Sunday, August 14, 2011

The Limits of Lazy-Faire Gardening

The following essay was prompted by a comment from our son Bram on my earlier piece "Its All in How You Spin It".

It is actually not that easy being a lazy-faire organic gardener. Like its similarly named economic counterpart lazy-faire organic gardening is the policy or attitude of letting things take their own course, without interfering. And like its economic counterpart, “without interfering” doesn’t really mean, “without interfering”. It actually means minimal involvement. In fact if it weren’t for these occasional interventions it wouldn’t be gardening – it would just be sticking plants into the ground. The hard part is knowing when to step in, and how much.

For example, Mars and I place many of our perennials pretty close together. We like that natural look of overflowing abundance and contrasting colors and patterns that result from semi-crowded beds of complementary flowers – “brightly colored patches that are messy but balanced” as the gardens of the Impressionist artist Claude Monet are described by travel writer Rick Steves. (Others might say congested and confusing. I ignore the others.)
Inevitably the daisies and the sunflowers intertwine. The adjacent green shrubbery begins to create a shady roof over the area. The thin branches of the Japanese Spirea push against the green stalks of cardinal plants. And the tansy starts to nudge out the Echinacea. Hands on intervention is called for to restore the amount of space each plant needs in order to breathe. Sixty minutes of clipping and ripping and the balance of nature is restored. For the next month or so the pruned back perennials respect each other’s space. Then normal growth leads to more polite pushing and shoving, and law and order needs to be gently restored again.
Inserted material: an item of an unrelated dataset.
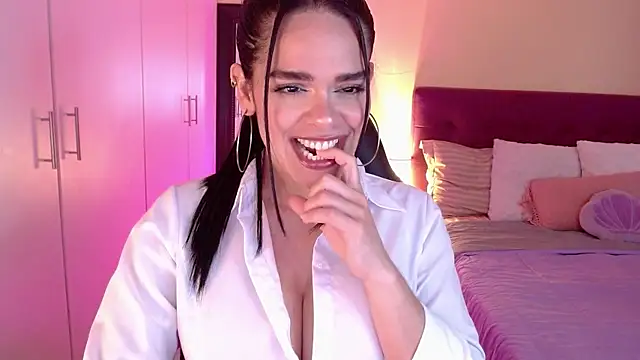 Mafer Meow online show from 10-04-25, 07:26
And of course there are weeds to be weeded. Some of these encroachers get discovered when I am down and dirty, crawling through the flower stems, looking for candidates to be thinned out. But not all of our flowerbeds are planted wall-to-wall. Other outliers are more obvious, brazenly showing themselves in the strips of soil between their more wanted brethren. This is not the look we are going for. More kneeling, crouching, pulling and tugging and the dirt is returned to its pristine, non-distracting appearance. Such is the mannerly ebb-and-flow of minimal interference plant care.

There is however no place in the world of lazy-faire organic gardening for bindweed.

Bindweed is a vining plant that snakes its way across the ground and over fences, plants, or any other stationary thing in its path. Bindweed can grow four feet or more in length, and has deep, strong roots.
Vigilance and persistence are the two most useful weapons in your arsenal against bindweed. Watch for signs of this vine, and remove it as quickly as possible. The best way to get rid of bindweed is to cut it off at soil level. Don't bother pulling it up; it will just sprout wherever you tore the roots (and you will. It's impossible to get all of the roots out.) organicgardening/about.com

Occasional improvements are part of the vocabulary of the dedicated lazy-fairest“. “Vigilance and persistence” are not. “Bindweed” is not. It plays by its own set of anarchic rules.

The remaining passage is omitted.